The Centre for Peace and Development Studies (CPDS) brings together a community of scholars with a commitment to studying conflict, peacebuilding and development at local, national and global levels and from diverse perspectives. It fosters individual and collaborative research by creating a network or staff, PhD candidates and MA students across disciplines, including members from politics, public administration, psychology, education within the university. It facilitates engagement with a wider group of external scholars and practitioners through seminars, guest lectures, research partnerships and associate membership.  The CPDS accommodates the MA in Peace and Development and the MA in Development and students become active members.

The CPDS promotes five research strands: on political violence, democratisation, globalisation and resistance, conflict transformation and civic engagement, looking within Ireland and globally. When it was founded in 1997, its early focus was mainly on conflict resolution in Northern Ireland, building on its original association with the Irish Peace Institute. This interest is sustained in the work of current members, among them Professor Orla Muldoon, and in the work of students on the MA in Peace and Development programme, who participate in an annual study trip to Belfast or Derry. In the last five years, with Professor Tom Lodge as Director, there has been an emphasis on creating a cluster of staff and PhD students with expertise on Sub-Saharan Africa. Another important research trajectory has been in poverty alleviation and social exclusion in and around Limerick. The centre also benefits from key members with expertise in Latin America and the post-Soviet Caucuses. 

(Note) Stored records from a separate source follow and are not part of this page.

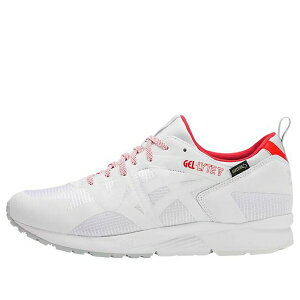ASICS �A�V�b�N�X �����Y �X�j�[�J�[ �yASICS Gel-Lyte 5 NS 'White Red' HY7J1-0101�z �T�C�Y US_8.5(26.5cm)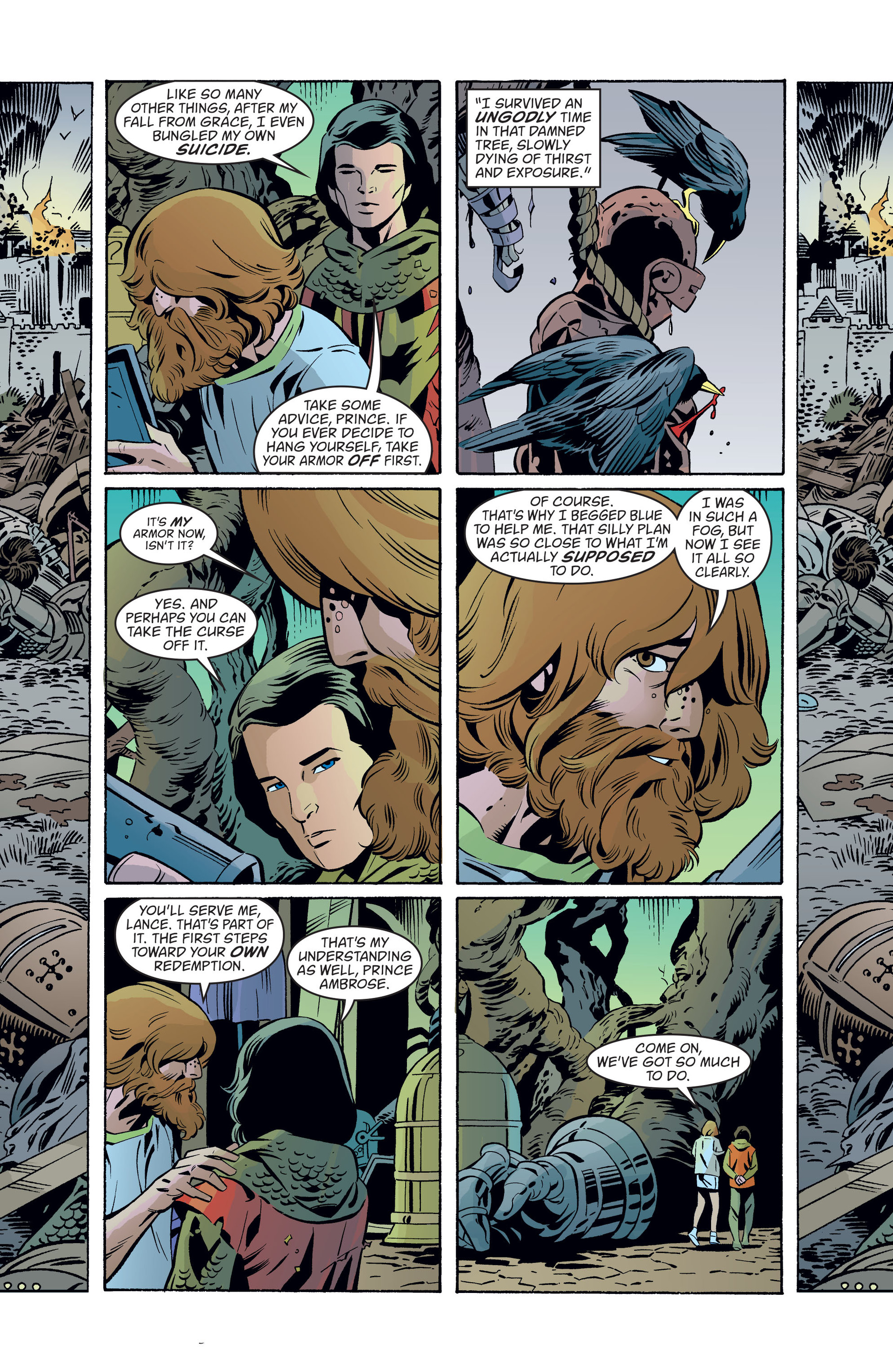 Read online Fables comic -  Issue #62 - 8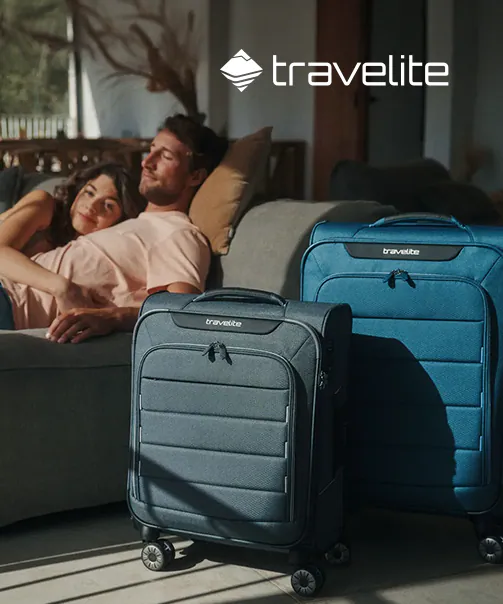 Walizki i torby Travelite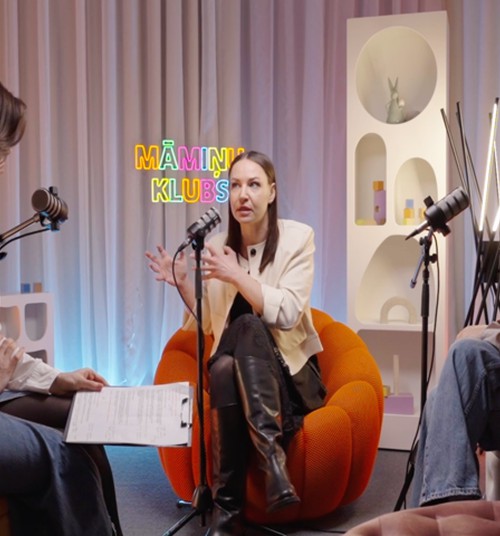 14.03. Ģimenes budžets un apzināts patēriņš. Pavasara tīrīšana ģimenes mājoklī. Atbalsts emocionālā krīzē. Dzelzs deficīts pēc grūtniecības. Autiņbiksīšu maiņa aktīviem mazuļiem.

Staff affiliated to the CPDS have a track record of winning research awards and several recent or current PhD students have been awarded Marie Curie or IRCHSS fellowships. The centre has developed external networks though an award in 2008 under the Irish Aid/HEA strategic Programme of Cooperation with Higher Education Institutions; through training activities with Irish Aid; through the European Doctoral Enhancement Network in Peace and Conflict Studies; and through its inclusion in the Georgia Education and Enterprise Project (GEEP). It aims to reinforce these existing links, while continuing to forge new connections with scholars and practitioners who share an interest in researching obstacles to and struggles for peace and development.